La violencia en Guadalupe y Calvo volvió a dejar claro lo que ya todos sabíamos: el Estado mexicano llega tarde, mal y a veces, nunca. En un municipio donde los enfrentamientos armados ya forman parte del paisaje, los hechos del 2 y 3 de julio desnudaron —una vez más— la fragilidad institucional en una región atrapada entre las balas y el abandono.
Mientras los disparos se escuchaban en los cerros y las familias se refugiaban en sus casas esperando sobrevivir otra jornada de fuego cruzado, la reacción oficial fue, cuando menos, indolente. El operativo de seguridad —ese que debería garantizar la vida de los ciudadanos— tardó casi un día entero en desplegarse. Para cuando llegaron las autoridades, los muertos ya estaban en la carretera, los casquillos en el suelo y el miedo convertido en rutina.
Mueve a risa que, como siempre también, el reporte oficial fue el clásico «no se encontraron indicios de detonaciones, personas lesionadas, así como tampoco viviendas o vehículos con daños», pero sí dos muertos cuyos cadáveres tenían heridas producidas por proyectil de arma de fuego. ¡¿Y cómo es que podrían encontrar indicios si llegan un día o dos o hasta una semana después?! Y no es exageración.
Pero si la lentitud operativa fue alarmante, la actitud de la alcaldesa Ana Laura González fue aún más reveladora. En lugar de enfrentar la crisis desde el frente, se atrincheró en su casa. No se fue de Guadalupe y Calvo, dice. No lo necesitaba. Bastó con cerrar las puertas de la Presidencia Municipal y dejar en claro que no volverá hasta que el Ejército le garantice seguridad personal.
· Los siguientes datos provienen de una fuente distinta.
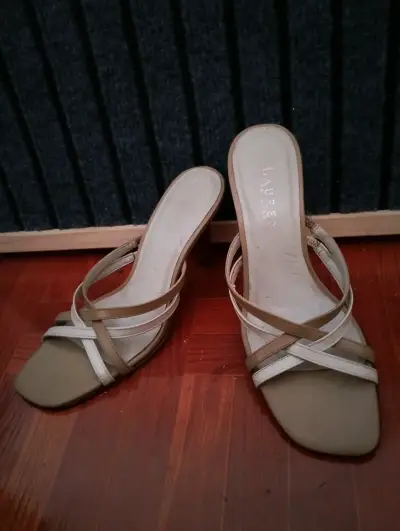 Sandalias Lauren Ralph Lauren de cuero beige - miniatura 1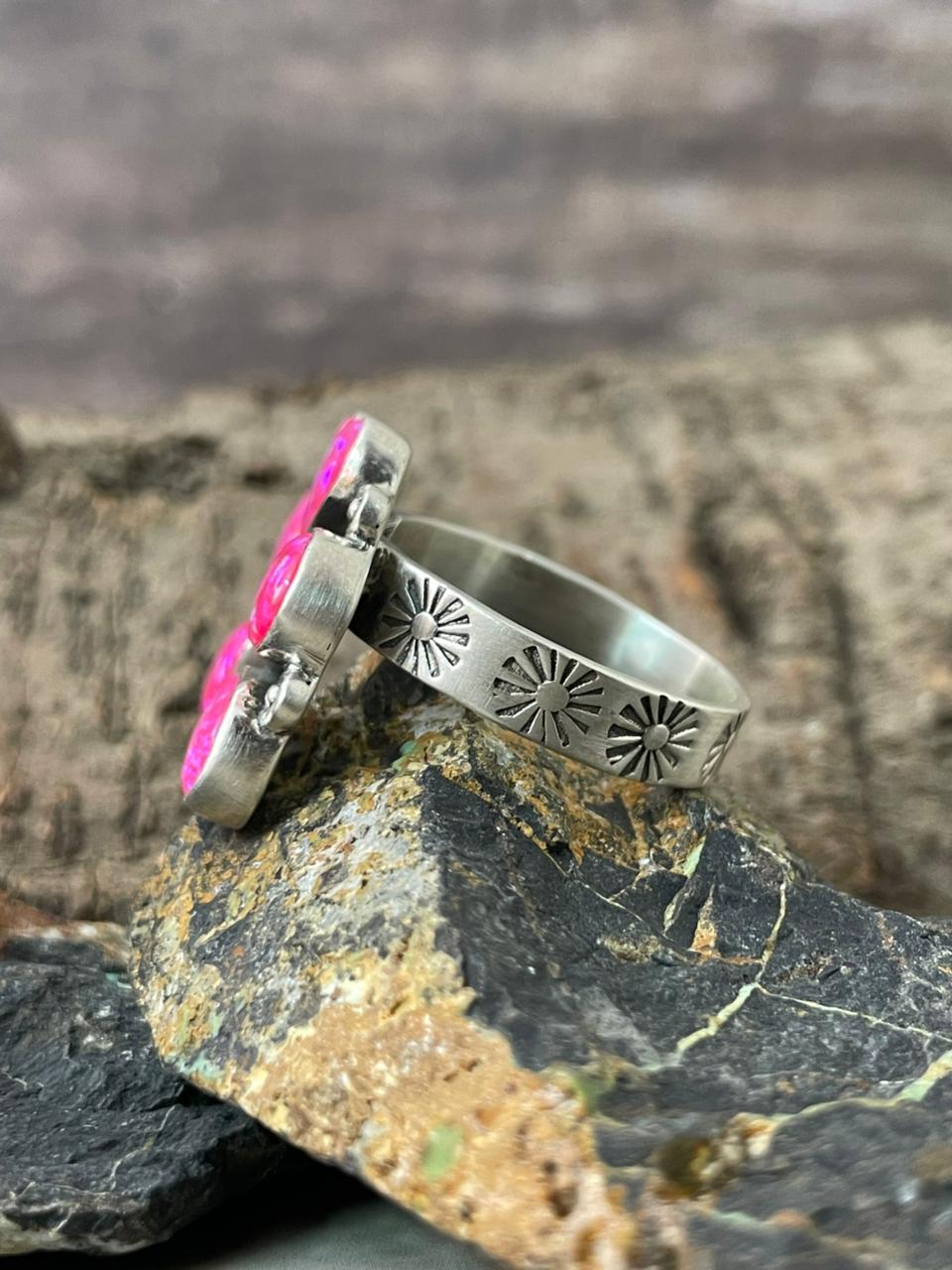 "Heart Collection" Handmade Sterling Silver Hot Pink Adjustable Ring "Signed Nizhoni"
¿Y los demás? ¿Quién garantiza la seguridad de quienes no tienen escolta de la Guardia Nacional ni línea directa con altos mandos? ¿Quién responde por los niños heridos por esquirlas, por las madres que duermen debajo de las camas, por los comerciantes que viven del día a día y no pueden cerrar “por miedo”?
La alcaldesa dice que es creyente, y le pide a Dios que detenga la violencia. Nosotros también somos creyentes, ¡pero en el servicio público! En la vocación de liderazgo. En la responsabilidad que implica asumir un cargo y representarlo con dignidad incluso —y sobre todo— cuando la situación es adversa.
Porque no, resguardarse no es gobernar.
Y es cierto: la violencia en la Sierra Tarahumara no empezó con Ana Laura González ni terminará con ella. Pero sí era su oportunidad de demostrar que el poder no es para servirse, sino para servir. Y cuando más se la necesitaba, se escondió detrás del blindaje y la fe. Ni estrategia, ni voz firme, ni rostro visible. Solo silencio y puertas cerradas. ¡Y eso que representa las mismas siglas que el Gobierno Federal!
Mientras tanto, los grupos criminales siguen enfrentándose, la autoridad llega después de los disparos, y los habitantes —esos que votaron, creyeron y confiaron— viven cada vez más solos, más vulnerables y más cansados.
Dios puede tener poder. Pero gobernar, alcaldesa, ¡es su responsabilidad!